In very simple words, a thickener is a machine that separates liquid from solids. It is defined as a method of continuous dewatering of a dilute pulp, wherein a regular discharge of a thick pulp takes place which is of uniform density, concurrently with an overflow of clarified solution. The solids particle size range in thickeners is generally from 0.5 mm to a few microns. Thickeners are often rated on lbs. of solids per square foot of surface area.
Briefly, its functioning can be explained with Scraper blades or “rakes” that are used in a thickener, which rotate slowly over the bottom of the tank, and slope down towards the centre and move the material settled on the bottom to a central opening or discharge. Thickeners are generally used in metallurgical field with the purpose of thickening prior to agitation, filtration, in the countercurrent washing of cyanide slime, and more thickening ahead of floatation, for dewatering tailing to recover the water for reuse in the mill and for thickening concentrates.

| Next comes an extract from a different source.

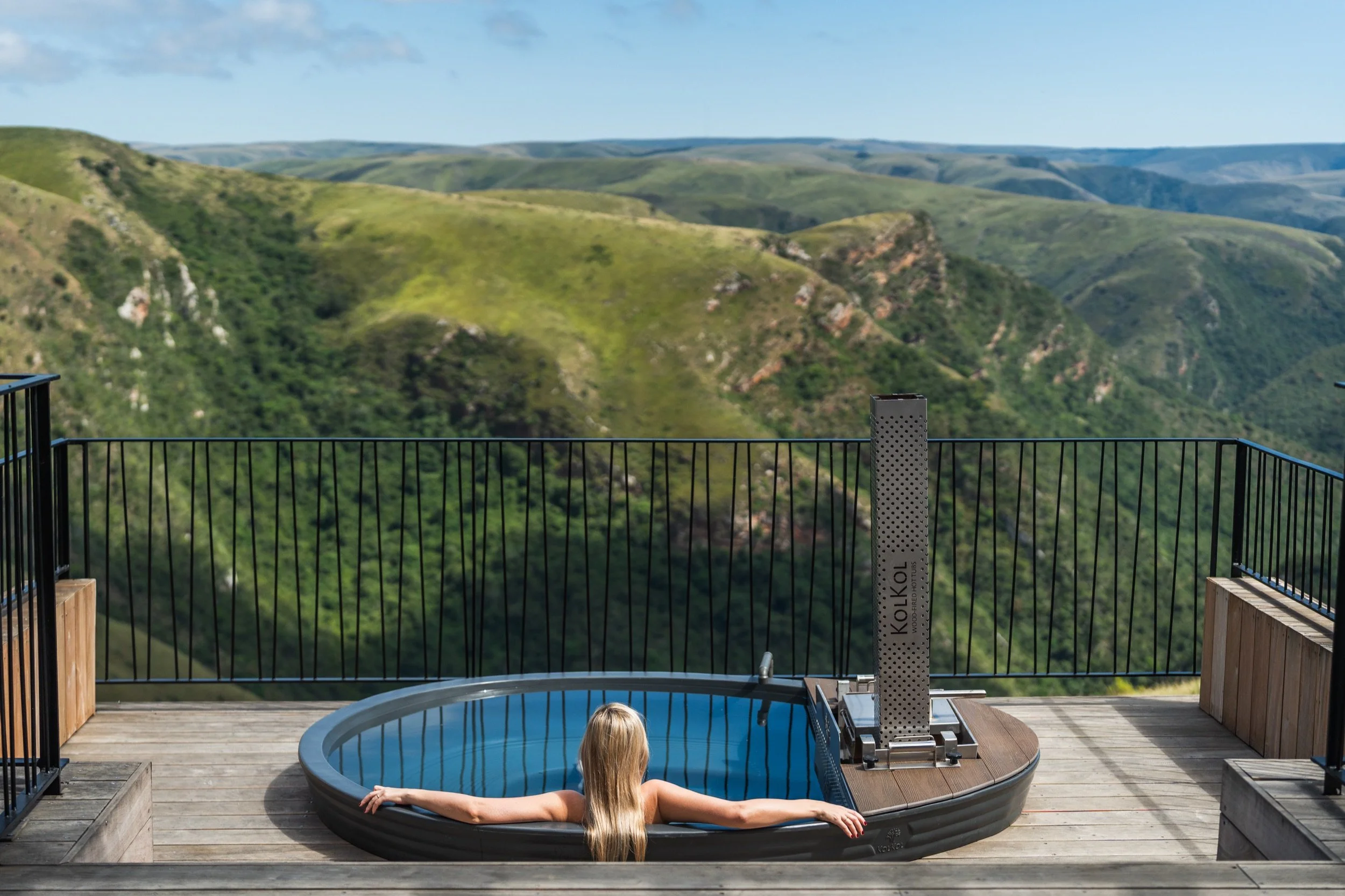 Hot tub overlooking the valley at Hiddn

Fundamentally, thickeners and clarifiers (which look visually like thickeners) are both used to settle solids which results in the separation of liquids and solids. The difference however is that thickeners are used to concentrate solids, while clarifiers are used to purify liquids.
Historically, thickeners were introduced to the mining industry in 1905. They are widely used in various industries including mining, coal, chemical, industrial, environmental (wastewater management), municipal and paper industry.
Working of a Thickener
Let us understand in detail about how thickeners work. To start with, it works on the principle of Gravity sedimentation and the most common construction of a thickener would be of iron or steel.

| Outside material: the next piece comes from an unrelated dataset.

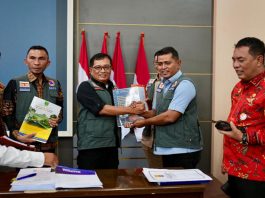 Pemkab Solok Serahkan Dokumen R3P kepada BNPB pada Rakor Sinergitas R3P Sumbar 2025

The continuous thickener consists of a cylindrical tank. Pulp is fed into the centre of the tank via a feed-well placed up to 1 m below the surface of the suspension. The clarified liquid overflows a trough, while the solids which settle at the bottom of the tank are withdrawn as a thickened pulp from an outlet at the centre. One or more rotating radial arms are there within the tank, from each of which are suspended a series of blades, shaped so as to rake the settled solids towards the central outlet.

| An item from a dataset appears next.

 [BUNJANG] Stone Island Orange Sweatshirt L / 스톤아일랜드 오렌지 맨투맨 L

With modern thickeners, there is a functionality of these arms rising automatically if the torque exceeds a certain value, thus preventing any damage which can result due to overloading. The blades also help in concentration of the settled particles by simple setting which enable a thicker underflow. In this way, solids move downwards, and then inwards towards the thickened underflow outlet and the liquid moves upwards and radially outwards.
Types of thickeners
The thickeners can be classified into two types depending on location of rake driving mechanism. They are known as either Centrally driven or Peripherally driven.
Further, under centrally driven type there are two types depending on method of supporting the drive mechanism and the raking arms.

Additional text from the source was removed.